*EXERCISE BRIEF:* Return, from the material below, each line in which "film" occurs.

*GIVEN DATA:*
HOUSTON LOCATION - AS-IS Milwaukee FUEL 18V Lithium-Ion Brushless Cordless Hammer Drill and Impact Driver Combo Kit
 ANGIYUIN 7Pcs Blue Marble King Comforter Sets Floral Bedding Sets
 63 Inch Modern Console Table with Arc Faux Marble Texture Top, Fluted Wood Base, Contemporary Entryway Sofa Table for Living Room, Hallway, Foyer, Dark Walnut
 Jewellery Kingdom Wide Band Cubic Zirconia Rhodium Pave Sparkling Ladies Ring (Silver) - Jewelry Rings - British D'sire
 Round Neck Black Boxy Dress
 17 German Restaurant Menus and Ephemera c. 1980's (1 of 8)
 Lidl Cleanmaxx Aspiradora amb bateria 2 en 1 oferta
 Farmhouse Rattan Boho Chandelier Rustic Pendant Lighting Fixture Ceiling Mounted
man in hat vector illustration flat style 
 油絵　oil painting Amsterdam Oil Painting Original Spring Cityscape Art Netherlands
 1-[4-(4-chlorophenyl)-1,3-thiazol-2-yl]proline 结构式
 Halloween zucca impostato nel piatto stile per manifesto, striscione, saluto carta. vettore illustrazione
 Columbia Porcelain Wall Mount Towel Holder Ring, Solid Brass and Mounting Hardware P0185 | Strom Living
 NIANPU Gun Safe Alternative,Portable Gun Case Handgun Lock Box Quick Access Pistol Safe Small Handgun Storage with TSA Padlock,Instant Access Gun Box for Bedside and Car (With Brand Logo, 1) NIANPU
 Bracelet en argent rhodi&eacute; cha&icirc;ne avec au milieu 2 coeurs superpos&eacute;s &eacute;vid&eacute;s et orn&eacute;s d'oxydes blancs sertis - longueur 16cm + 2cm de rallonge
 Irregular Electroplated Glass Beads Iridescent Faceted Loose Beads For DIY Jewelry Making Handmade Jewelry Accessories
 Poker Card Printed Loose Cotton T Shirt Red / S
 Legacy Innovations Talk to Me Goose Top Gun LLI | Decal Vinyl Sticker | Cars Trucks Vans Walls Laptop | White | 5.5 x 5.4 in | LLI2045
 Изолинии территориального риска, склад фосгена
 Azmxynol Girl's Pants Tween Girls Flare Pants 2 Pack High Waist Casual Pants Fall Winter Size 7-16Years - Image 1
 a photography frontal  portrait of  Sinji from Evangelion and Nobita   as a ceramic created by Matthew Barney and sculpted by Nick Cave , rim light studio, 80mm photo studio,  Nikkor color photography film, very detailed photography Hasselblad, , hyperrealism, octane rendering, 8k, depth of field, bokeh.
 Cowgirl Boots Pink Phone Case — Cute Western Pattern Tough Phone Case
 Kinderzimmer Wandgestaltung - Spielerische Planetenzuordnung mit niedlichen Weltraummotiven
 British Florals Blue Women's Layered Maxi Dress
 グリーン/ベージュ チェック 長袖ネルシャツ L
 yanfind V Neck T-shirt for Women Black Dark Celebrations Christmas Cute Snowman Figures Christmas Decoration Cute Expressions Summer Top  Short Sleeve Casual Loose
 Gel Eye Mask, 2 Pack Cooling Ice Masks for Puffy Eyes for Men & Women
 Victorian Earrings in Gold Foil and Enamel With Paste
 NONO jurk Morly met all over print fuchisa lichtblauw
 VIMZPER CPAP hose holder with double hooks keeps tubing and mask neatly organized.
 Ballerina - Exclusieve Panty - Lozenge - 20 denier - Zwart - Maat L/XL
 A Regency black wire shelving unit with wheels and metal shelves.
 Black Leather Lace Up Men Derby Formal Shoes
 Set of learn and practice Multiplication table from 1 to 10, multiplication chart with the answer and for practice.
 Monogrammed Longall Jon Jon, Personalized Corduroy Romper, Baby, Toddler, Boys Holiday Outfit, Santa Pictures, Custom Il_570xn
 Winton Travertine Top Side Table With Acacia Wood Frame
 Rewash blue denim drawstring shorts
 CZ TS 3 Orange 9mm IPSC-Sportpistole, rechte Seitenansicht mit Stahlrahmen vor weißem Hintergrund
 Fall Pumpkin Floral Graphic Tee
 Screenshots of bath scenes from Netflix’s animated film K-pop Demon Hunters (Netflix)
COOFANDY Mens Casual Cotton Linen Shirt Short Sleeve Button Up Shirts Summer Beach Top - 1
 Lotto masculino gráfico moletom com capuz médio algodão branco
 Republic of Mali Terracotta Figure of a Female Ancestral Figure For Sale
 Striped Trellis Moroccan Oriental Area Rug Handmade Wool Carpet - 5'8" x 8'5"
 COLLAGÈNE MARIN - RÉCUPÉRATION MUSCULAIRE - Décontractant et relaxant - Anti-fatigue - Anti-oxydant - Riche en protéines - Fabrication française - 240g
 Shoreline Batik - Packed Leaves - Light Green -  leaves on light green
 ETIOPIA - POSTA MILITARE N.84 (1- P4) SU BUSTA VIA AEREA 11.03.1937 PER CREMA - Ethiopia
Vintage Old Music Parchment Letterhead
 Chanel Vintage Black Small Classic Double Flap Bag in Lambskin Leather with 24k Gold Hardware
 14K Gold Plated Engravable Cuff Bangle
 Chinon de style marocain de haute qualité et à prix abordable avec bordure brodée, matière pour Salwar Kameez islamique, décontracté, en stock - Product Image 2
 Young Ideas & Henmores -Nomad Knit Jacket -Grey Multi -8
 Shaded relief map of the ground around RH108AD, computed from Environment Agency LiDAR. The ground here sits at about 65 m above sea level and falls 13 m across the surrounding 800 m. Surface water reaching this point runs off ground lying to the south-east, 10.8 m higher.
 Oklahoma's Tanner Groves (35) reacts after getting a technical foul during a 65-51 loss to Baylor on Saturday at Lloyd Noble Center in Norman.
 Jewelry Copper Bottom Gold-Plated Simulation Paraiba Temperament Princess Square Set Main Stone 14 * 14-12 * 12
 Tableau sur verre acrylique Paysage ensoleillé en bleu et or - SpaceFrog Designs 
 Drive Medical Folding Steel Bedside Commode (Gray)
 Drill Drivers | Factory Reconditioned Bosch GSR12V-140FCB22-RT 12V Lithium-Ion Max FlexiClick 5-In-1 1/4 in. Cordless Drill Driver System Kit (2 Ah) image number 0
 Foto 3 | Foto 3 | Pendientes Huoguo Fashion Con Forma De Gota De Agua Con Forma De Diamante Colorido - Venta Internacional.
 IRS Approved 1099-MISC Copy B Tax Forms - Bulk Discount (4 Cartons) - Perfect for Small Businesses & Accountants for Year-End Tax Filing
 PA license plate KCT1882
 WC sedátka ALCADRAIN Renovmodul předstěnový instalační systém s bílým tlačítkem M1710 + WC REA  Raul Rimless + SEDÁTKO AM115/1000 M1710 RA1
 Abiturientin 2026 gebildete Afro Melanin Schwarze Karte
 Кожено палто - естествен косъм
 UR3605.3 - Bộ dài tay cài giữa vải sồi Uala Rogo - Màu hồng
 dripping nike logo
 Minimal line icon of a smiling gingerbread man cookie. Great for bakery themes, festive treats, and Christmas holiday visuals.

*OUTPUT OF THE EXERCISE:*
 a photography frontal  portrait of  Sinji from Evangelion and Nobita   as a ceramic created by Matthew Barney and sculpted by Nick Cave , rim light studio, 80mm photo studio,  Nikkor color photography film, very detailed photography Hasselblad, , hyperrealism, octane rendering, 8k, depth of field, bokeh.
 Screenshots of bath scenes from Netflix’s animated film K-pop Demon Hunters (Netflix)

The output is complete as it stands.